I felt trouble brewing one very cold night on my scheduled rounds to check the coops and the flock of my egg-laying birds. A perceptible hissing hurried my step to the largest of the coops where the major portion of our flock was housed. The sound I anticipated with dread became clear and sharp: the heaving of thousands of struggling lungs to breathe, this from my breadwinners just reaching their prime. That dreaded disease, Newcastle, had struck.
Not much was known then about Newcastle, just that its rapid onslaught was followed by its more rapid rate of bird mortality. There was no cure. Grappling to separate those not yet infected, the entire family struggled through a nightmare of thrashing and dying birds. The battle was lost and at the break of dawn, we became final witnesses to Newcastle’s virulence: hundreds of dead birds on floor and in cages, dozens more dropping like flies, dead. Also dead, the entire year’s investment. The bulldozer buried all.
It was late evening on that bitter day when we became aware of our four-year old Michael’s absence. Panic perhaps had not had the strength to surface and dull the day’s tragedy. He appeared at the door, agitated, with woolen hat totally covering his eyes, red and running nose, and bulging pockets.

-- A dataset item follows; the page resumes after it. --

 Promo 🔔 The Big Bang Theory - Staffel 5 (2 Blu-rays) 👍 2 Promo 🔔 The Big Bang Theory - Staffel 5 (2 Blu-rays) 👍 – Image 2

Not saying a word, he rushed to the kitchen oven, emptied his pockets, and tenderly placed the contents on the warmest corner. "They are so cold. I have to warm them right away," he said as he placed four tiny kittens, frozen solid, on the oven with complete confidence, a legacy endowed only to the very young, of rapidly reviving them.
Goodness knows how long he had those frozen kittens in his pockets but he knew they had to be saved, and to do that he must warm them. If wiser, I would have told him how, for the moment, he had erased the specter of the day’s tragedy and the trauma of so much fear, balancing life’s hard statement briefly, and garnering a sense of moral sensibility in his short time on this earth. But then again, how could I have said all those things to him? I was still pretty young myself.